WHAT THE TASK ASKS: Copy out every record below, word for word.
[[ EXTRACTED MATERIAL open ]]
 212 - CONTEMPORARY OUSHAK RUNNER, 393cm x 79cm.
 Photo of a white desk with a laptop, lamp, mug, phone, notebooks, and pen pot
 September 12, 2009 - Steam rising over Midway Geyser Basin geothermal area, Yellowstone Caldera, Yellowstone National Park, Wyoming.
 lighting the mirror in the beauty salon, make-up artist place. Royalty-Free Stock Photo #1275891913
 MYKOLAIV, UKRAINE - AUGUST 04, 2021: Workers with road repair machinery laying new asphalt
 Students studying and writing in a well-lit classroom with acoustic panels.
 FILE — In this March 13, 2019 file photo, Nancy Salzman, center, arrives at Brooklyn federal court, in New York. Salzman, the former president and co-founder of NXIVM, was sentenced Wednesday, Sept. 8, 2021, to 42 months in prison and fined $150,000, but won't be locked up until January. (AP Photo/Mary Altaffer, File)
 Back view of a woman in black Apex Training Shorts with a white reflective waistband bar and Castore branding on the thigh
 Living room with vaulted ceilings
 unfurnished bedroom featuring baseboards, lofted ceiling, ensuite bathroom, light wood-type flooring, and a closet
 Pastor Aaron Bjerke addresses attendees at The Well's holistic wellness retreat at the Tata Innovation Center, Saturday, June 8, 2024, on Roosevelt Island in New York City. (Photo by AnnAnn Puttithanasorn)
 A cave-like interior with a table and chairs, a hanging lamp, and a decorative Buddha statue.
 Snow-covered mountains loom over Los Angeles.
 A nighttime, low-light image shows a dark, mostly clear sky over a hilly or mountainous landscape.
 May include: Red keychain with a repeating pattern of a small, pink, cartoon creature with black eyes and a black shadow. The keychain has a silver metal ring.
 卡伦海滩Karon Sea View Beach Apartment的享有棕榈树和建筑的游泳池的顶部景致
[[ EXTRACTED MATERIAL closed ]]
ANSWER SPACE:
 212 - CONTEMPORARY OUSHAK RUNNER, 393cm x 79cm.
 Photo of a white desk with a laptop, lamp, mug, phone, notebooks, and pen pot
 September 12, 2009 - Steam rising over Midway Geyser Basin geothermal area, Yellowstone Caldera, Yellowstone National Park, Wyoming.
 lighting the mirror in the beauty salon, make-up artist place. Royalty-Free Stock Photo #1275891913
 MYKOLAIV, UKRAINE - AUGUST 04, 2021: Workers with road repair machinery laying new asphalt
 Students studying and writing in a well-lit classroom with acoustic panels.
 FILE — In this March 13, 2019 file photo, Nancy Salzman, center, arrives at Brooklyn federal court, in New York. Salzman, the former president and co-founder of NXIVM, was sentenced Wednesday, Sept. 8, 2021, to 42 months in prison and fined $150,000, but won't be locked up until January. (AP Photo/Mary Altaffer, File)
 Back view of a woman in black Apex Training Shorts with a white reflective waistband bar and Castore branding on the thigh
 Living room with vaulted ceilings
 unfurnished bedroom featuring baseboards, lofted ceiling, ensuite bathroom, light wood-type flooring, and a closet
 Pastor Aaron Bjerke addresses attendees at The Well's holistic wellness retreat at the Tata Innovation Center, Saturday, June 8, 2024, on Roosevelt Island in New York City. (Photo by AnnAnn Puttithanasorn)
 A cave-like interior with a table and chairs, a hanging lamp, and a decorative Buddha statue.
 Snow-covered mountains loom over Los Angeles.
 A nighttime, low-light image shows a dark, mostly clear sky over a hilly or mountainous landscape.
 May include: Red keychain with a repeating pattern of a small, pink, cartoon creature with black eyes and a black shadow. The keychain has a silver metal ring.
 卡伦海滩Karon Sea View Beach Apartment的享有棕榈树和建筑的游泳池的顶部景致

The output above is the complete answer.